BEGIN Given records

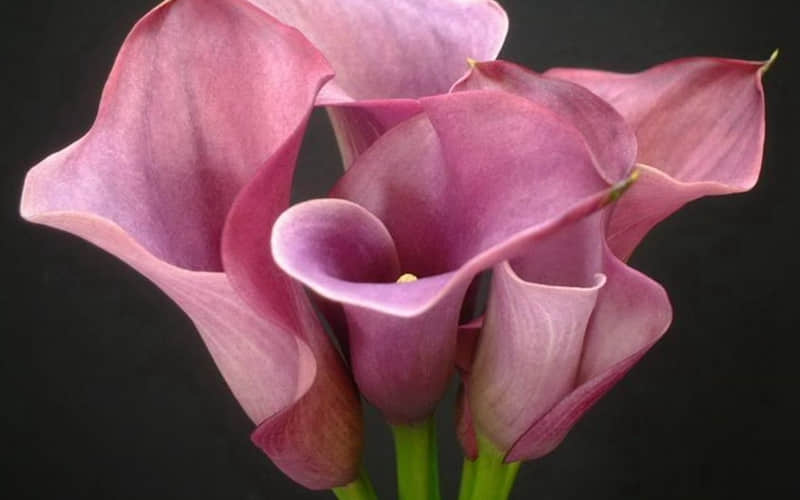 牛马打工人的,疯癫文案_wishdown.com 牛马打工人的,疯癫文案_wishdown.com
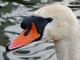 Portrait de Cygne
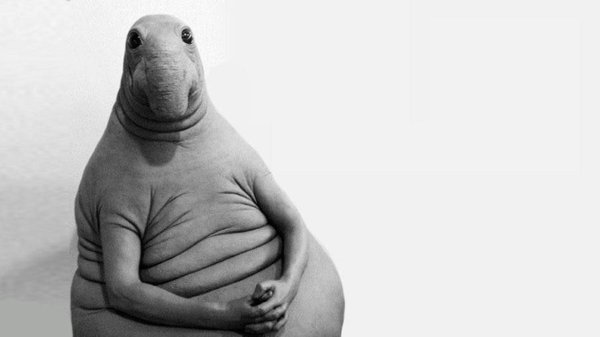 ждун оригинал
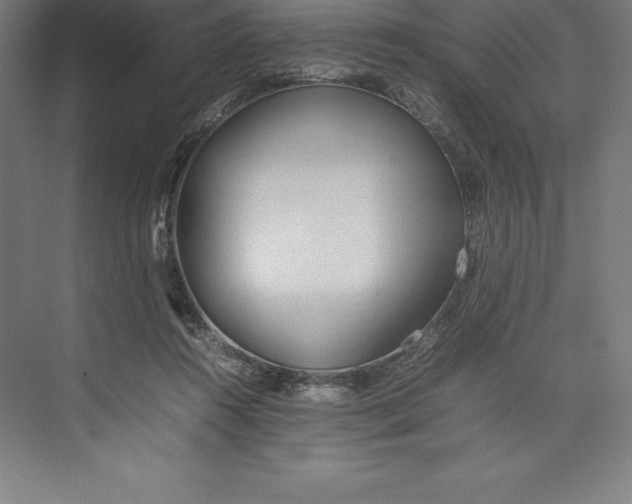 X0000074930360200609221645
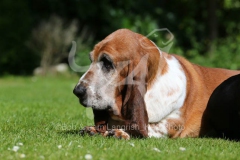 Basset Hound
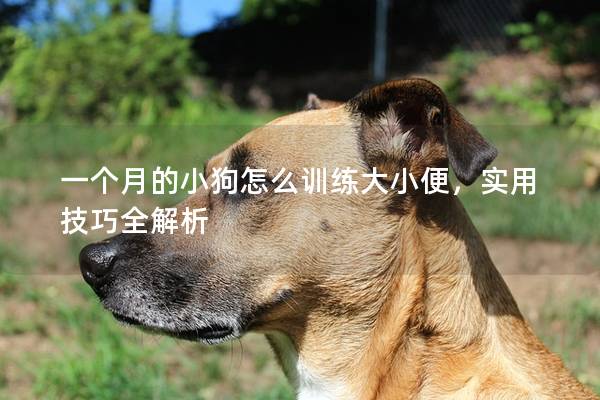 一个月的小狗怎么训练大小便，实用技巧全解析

END Given records

Exercise: Write the entries out in full and exactly, omitting every picture.

Task output:
 牛马打工人的,疯癫文案_wishdown.com 牛马打工人的,疯癫文案_wishdown.com
 Portrait de Cygne
 ждун оригинал
 X0000074930360200609221645
 Basset Hound
 一个月的小狗怎么训练大小便，实用技巧全解析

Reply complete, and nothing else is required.